Lalu bagaimana nasib MK? tidak terlalu sulit menjawab pertanyaan ini. Tindakan Presiden melantik Guntur Hamzah sudah membuat terang arah perjalanan MK ke depan. Apalagi, saat ini sedang berlangsung proses perubahan UU MK, di mana salah satu materi yang hendak dimasukkan adalah mengenai evaluasi hakim konstitusi oleh Presiden, DPR dan MA. Tiga lembaga tersebut, sewaktu-waktu dapat mengevaluasi hakim konstitusi berdasarkan pengaduan masyarakat kepadanya.

Proses evaluasi ini akan dapat menjadi alat bagi Presiden dan DPR untuk mengendalikan hakim konstitusi dalam proses pengujian undang-undang. Bahkan, mengendalikan proses penyelesaian sengketa hasil pemilu. Hakim-hakim konstitusi yang tidak mau tunduk pada kemauan Presiden, DPR, dan MA tinggal menunggu giliran mendapatkan pengaduan masyarakat, lalu dapat kartu merah dan diberhentikan sebagai hakim konstitusi.
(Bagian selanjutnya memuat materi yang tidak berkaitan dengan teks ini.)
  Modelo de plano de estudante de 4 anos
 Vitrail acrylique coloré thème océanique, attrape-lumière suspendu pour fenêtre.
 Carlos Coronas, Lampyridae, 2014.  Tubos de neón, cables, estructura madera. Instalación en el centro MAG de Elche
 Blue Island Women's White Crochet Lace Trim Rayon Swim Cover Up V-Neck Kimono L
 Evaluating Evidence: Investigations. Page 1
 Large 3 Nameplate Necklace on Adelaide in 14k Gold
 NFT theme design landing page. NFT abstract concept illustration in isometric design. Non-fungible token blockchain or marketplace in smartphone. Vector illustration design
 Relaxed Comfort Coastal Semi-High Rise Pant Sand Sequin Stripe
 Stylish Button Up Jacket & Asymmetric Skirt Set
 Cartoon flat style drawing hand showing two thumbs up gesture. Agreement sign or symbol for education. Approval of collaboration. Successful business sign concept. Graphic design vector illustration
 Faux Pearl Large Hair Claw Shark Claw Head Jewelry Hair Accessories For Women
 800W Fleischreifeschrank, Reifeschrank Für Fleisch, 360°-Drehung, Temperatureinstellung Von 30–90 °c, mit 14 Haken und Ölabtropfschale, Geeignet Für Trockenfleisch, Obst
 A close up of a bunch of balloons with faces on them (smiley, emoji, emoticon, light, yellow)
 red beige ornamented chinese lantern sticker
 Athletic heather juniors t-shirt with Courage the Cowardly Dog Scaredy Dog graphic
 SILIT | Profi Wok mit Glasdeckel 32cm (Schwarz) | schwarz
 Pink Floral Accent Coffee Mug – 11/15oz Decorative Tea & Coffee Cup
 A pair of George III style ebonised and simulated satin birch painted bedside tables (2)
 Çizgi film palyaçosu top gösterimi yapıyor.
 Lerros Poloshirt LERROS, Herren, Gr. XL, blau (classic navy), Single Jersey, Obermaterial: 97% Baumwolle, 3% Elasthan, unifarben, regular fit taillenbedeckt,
Dengan begitu, tidak akan ada lagi kemandirian hakim konstitusi dan tidak akan ada lagi kemerdekaan kekuasaan kehakiman di MK. Bila kemerdekaan kekuasaan kehakiman telah dibunuh, harapan tegaknya hukum dan keadilan mesti dikubur dalam. Hukum tidak akan lagi menjadi panglima. Hukum dan peradilan, tidak akan lebih dari sekadar alat legitimasi bagi kehendak siapa yang berkuasa. Kita patut mencatat bahwa masa ini adalah era runtuhnya kemerdekaan kekuasaan kehakiman Indonesia.